PUPPET MASTER: THE LITTLEST REICH **** USA / UK 2018 Dir: Sonny Laguna, Tommy Wiklund. 84 mins
With diminishing budgets, Charles Band is still making PUPPET MASTER movies almost three decades on from the comparatively lavish 1989 original; this “reimagining” was designed to spark a new chain of movies without infringing on Band’s cycle. Co-directed by the guys responsible for proficient EVIL DEAD riff WITHER, it boasts a script by S Craig Zahler, responsible for the finest latter-day B movies BONE TOMAHAWK and BRAWL IN CELL BLOCK 99. Following a 1989-set prologue in which Toulon is recast as a heavily scarred Udo Kier lamenting “disgusting homosexuals” in a bar, the modern-day story follows divorcee / comic store worker Thomas Lennon as he returns to his childhood home to get his shit together. Discovering the “Blade” puppet in his dead brother’s old room, takes it to a 30th anniversary convention at Toulon’s home, where tour guide Barbara Crampton (who played a different character in the original film) provides exposition while attendees are gruesomely offed by the revived Nazi puppets in what are defined as “hate crimes” due to the race / sexuality / proclivities of the victims. Complete with a “Junior Fuhrer” puppet that gets oven roasted (“See how you like it!”), Zahler succeeds in reviving an increasingly barren series much in the way Don Mancini was able to restore relevance and creativity to his Chucky franchise.

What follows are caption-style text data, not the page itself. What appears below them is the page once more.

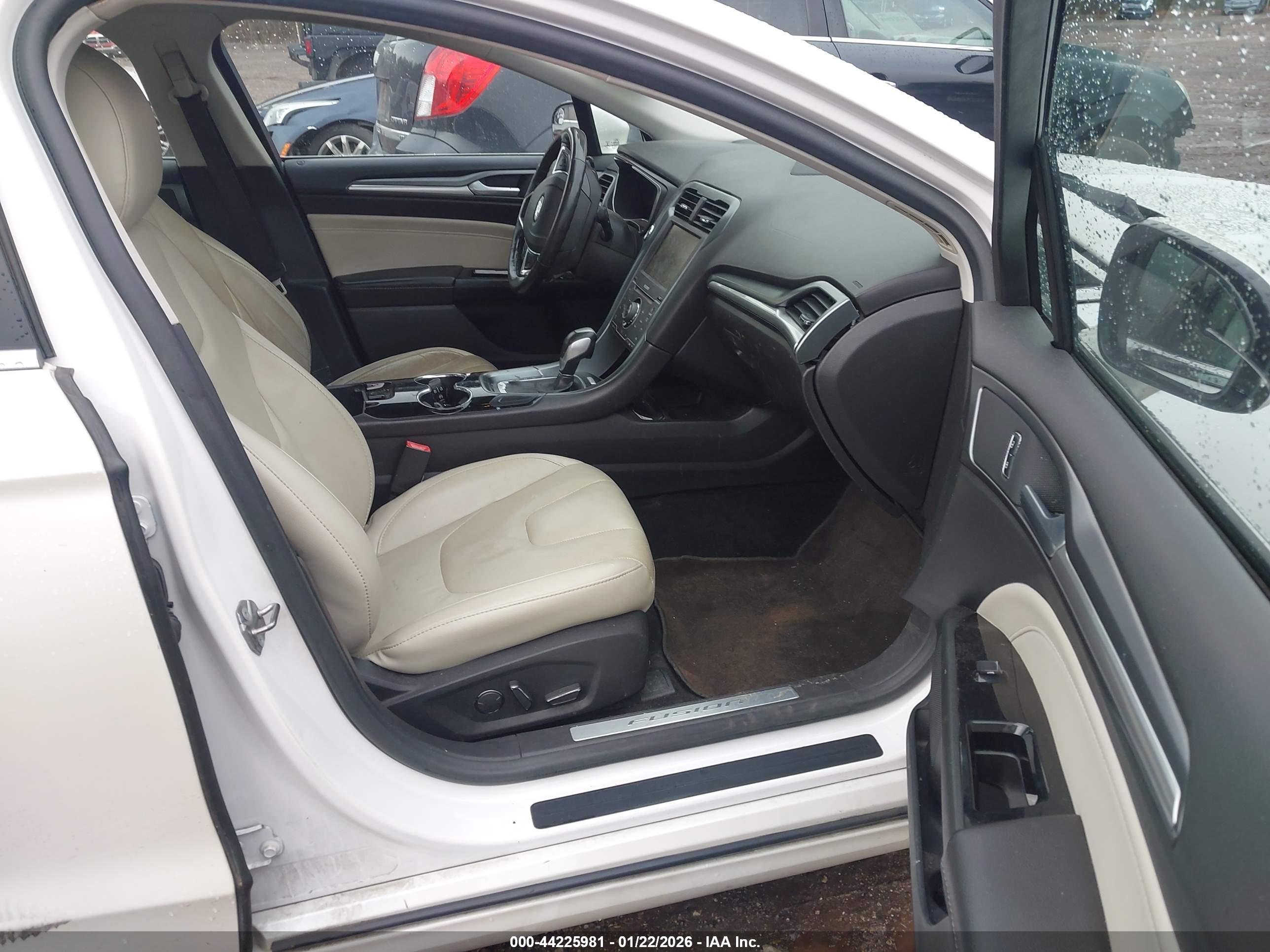 FORD FUSION image 5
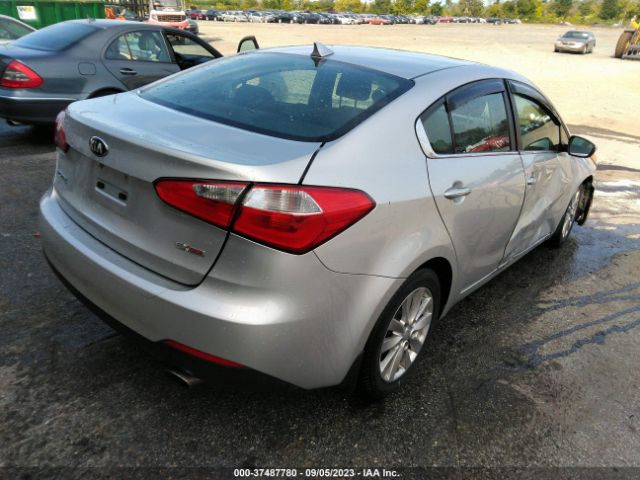 KNAFX4A83E5157403 KIA FORTE EX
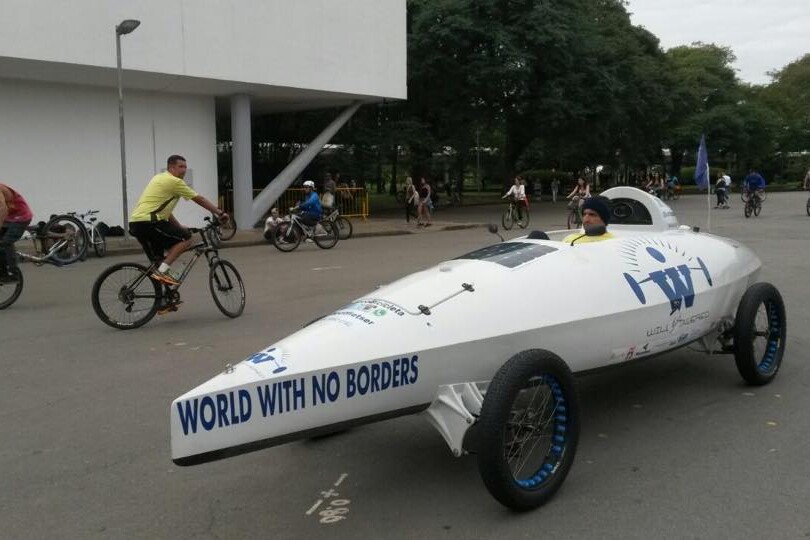 Ebrahim Hemmatnia à bord de son vélo amphibie.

In an age where everyone is offended by everything, this relishes the chance to cut loose as the puppets slaughter kids, Jewish couples, fake-boobed blondes, lesbians and, in a show stopper, the unborn foetus of a heavily pregnant guest. It’s engagingly merciless, with terrific old school gore FX and a gleeful sense of PC-trashing fun. Shame about the lazy “To be continued” ending, however.